Young children who hear more than one language spoken at home become better communicators, a new study from University of Chicago psychologists finds. Effective communication requires the ability to take others’ perspectives. Researchers discovered that children from multilingual environments are better at interpreting a speaker’s meaning than children who are exposed only to their native tongue. The most novel finding is that the children do not even have to be bilingual themselves; it is the exposure to more than one language that is the key for building effective social communication skills.
Previous studies have examined the effects of being bilingual on cognitive development. This study, published online May 8 by the journal Psychological Science, is the first to demonstrate the social benefits of just being exposed to multiple languages.
“Children in multilingual environments have extensive social practice in monitoring who speaks what to whom, and observing the social patterns and allegiances that are formed based on language usage,” explained Katherine Kinzler, associate professor of psychology and an expert on language and social development. “These early socio-linguistic experiences could hone children’s skills at taking other people’s perspectives and provide them tools for effective communication.”
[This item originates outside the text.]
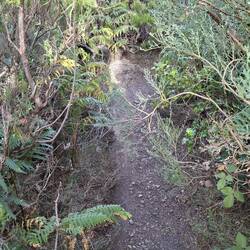 Yeah, there's a path there somewhere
Study co-author Boaz Keysar, professor of psychology and an internationally known expert on communication and cognition, said this study is part of a bigger research program that attempts to explain how humans learn to communicate. “Children are really good at acquiring language. They master the vocabulary and the syntax of the language, but they need more tools to be effective communicators,” said Keysar. “A lot of communication is about perspective taking, which is what our study measures.”
Keysar, Kinzler and their co-authors, doctoral students in psychology Samantha Fan and Zoe Liberman, had 72 4- to 6- year- old children participate in a social communication task. The children were from one of three language backgrounds: monolinguals (children who heard and spoke only English and had little experience with other languages); exposures (children who primarily heard and spoke English, but they had some regular exposure to speakers of another language); and bilinguals (children who were exposed to two languages on a regular basis and were able to speak and understand both languages). There were 24 children in each group.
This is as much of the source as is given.